In 2011, after an extended investigation of Mississippi’s mental health system, the United States Department of Justice found that Mississippi was “unnecessarily institutionalizing persons with mental illness” in violation of the Americans with Disabilities Act (ADA). The United States and Mississippi then engaged in negotiations for five years. Those negotiations failed, and the United States sued the State of Mississippi in 2016.
Judge Carlton Reeves presided over the trial and ruled in September 2019 that Mississippi was in violation of the ADA, stating, “On paper, Mississippi has a mental health system with an array of appropriate community‐based services. In practice, however, the mental health system is hospital‐centered and has major gaps in its community care. The result is a system that excludes adults with SMI from full integration into the communities in which they live and work, in violation of the Americans with Disabilities Act (ADA).”
For over ten years, the AG’s office has fought this lawsuit at every turn — stalling, denying, crafting confusing legal maneuvers, suppressing information and thwarting input from people receiving services, their families and service providers. Through its silence, the DMH has communicated its tacit agreement with every step the AG’s office has taken.
Not once, in over ten years, even when working closely with the Special Master for the past eighteen months, did either the AG’s office or the DMH provide sufficient verifiable proof to convince the Justice Department, Judge Reeves, or Dr. Hogan that the State is actually helping people with mental illness to live in the community in a manner compliant with the ADA. It begs the question of whether any such proof exists.
And now, the State is threatening to appeal because it is being required to implement the plan that it wrote and submitted, simply because Judge Reeves ordered that the implementation be independently monitored by the person the State selected and include a review of whether people receiving services benefit from the services. The arrogance of this stance is exponentially compounded by the State’s insistence that it was never in violation of the ADA and that Judge Reeves was wrong to rule that the State was out of compliance with the ADA.
Perhaps this arrogance would be bearable if it were true that the State’s mental health system is in compliance with the ADA. But it is not true. I recently invited Doug Miracle, lead attorney for the AG’s office to spend time with us at Families as Allies so that he could hear for himself the difficulties families face in getting help for members.
They face many challenges. I mentioned in a previous blog that over the past month, I tried to help three separate friends whose adult children were in mental health crises. I know what services are supposed to exist. None of these families got those services. One contacted her local crisis team and was told to call the sheriff instead, one was repeatedly told she should do something (in spite of the fact she was doing everything she could think to do), and one was completely shut out from their family member and those treating him.

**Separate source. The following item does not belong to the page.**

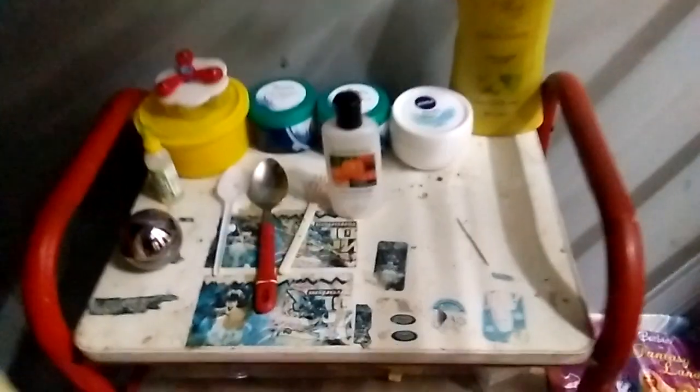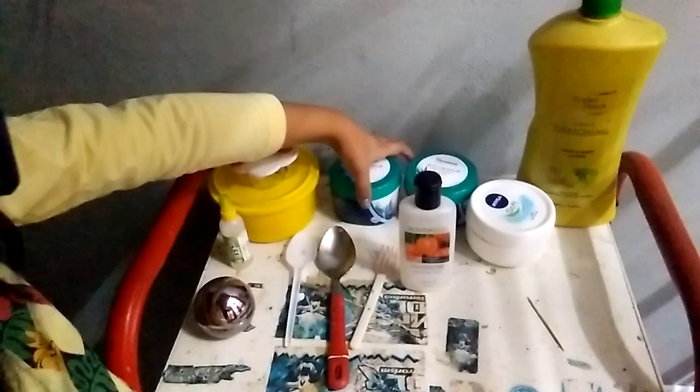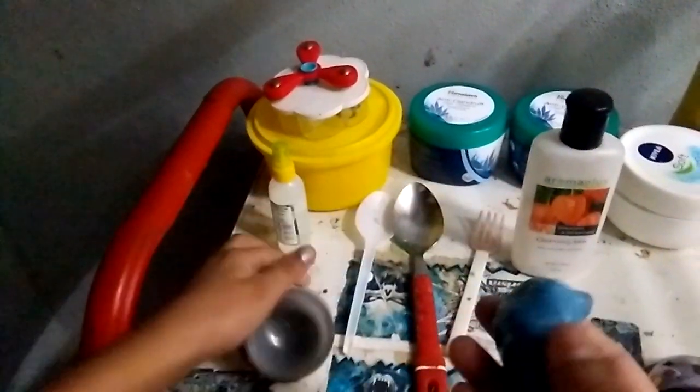This is where I make slime. First, as you can see, we've got a huge bottle of lotion, some containers to put my slime, some containers again in here, some borax, and some of my slime. Look at this wonderful slime — it's blue. I can keep it back.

But it’s not just about my experience. In spite of the DMH being the largest state employer with 5000 employees and a budget of around $600 million, there is little, if any, data about the effectiveness of its services. Mississippi consistently ranks low on national mental health measures. News articles (What will solve Harrison County’s ‘biggest crisis?’ Local, state officials look for a fix, Legal processes for mental health cases being re-evaluated in Jackson County) attest to the struggles that local community mental health centers face because the Department of Mental Health has not set up the infrastructure, overarching planning and technical assistance that community providers need to consistently provide responsive care. This does not mean that community providers are not trying their best. Almost all of them are, and many are doing a good job. But they do not have the support from the state that they need.
Wendy Bailey, appointed as the executive director of the DMH in January 2021, is in a challenging position. I like and respect Ms. Bailey and value her openness and willingness to work together. I told her late last week that I was going to publicly share these concerns because the situation is dire. I appreciate that she understood my position. I publicly implore Ms. Bailey and her board to do the right thing for people with mental illness and to prevail upon the AG’s office to NOT waste even more resources by appealing this case but to instead work with the Special Master who the State chose to implement the plan that the State wrote to create a service system that is as helpful in reality as it is on paper.
I beseech Doug Miracle, the lead attorney in the AG’s office and Jim Shelson, the primary Phelps Dunbar trial attorney, to cease any plans for appeal and simply work with the DMH, Dr. Hogan and Judge Reeves to implement the State’s plan – the plan that Mr. Miracle and Mr. Shelson likely wrote.
I ask all of you to tell the parties involved to stop wasting time and money by appealing this case and to simply do the right thing. It is past time.
Joy Hogge is Executive Director of Families as Allies.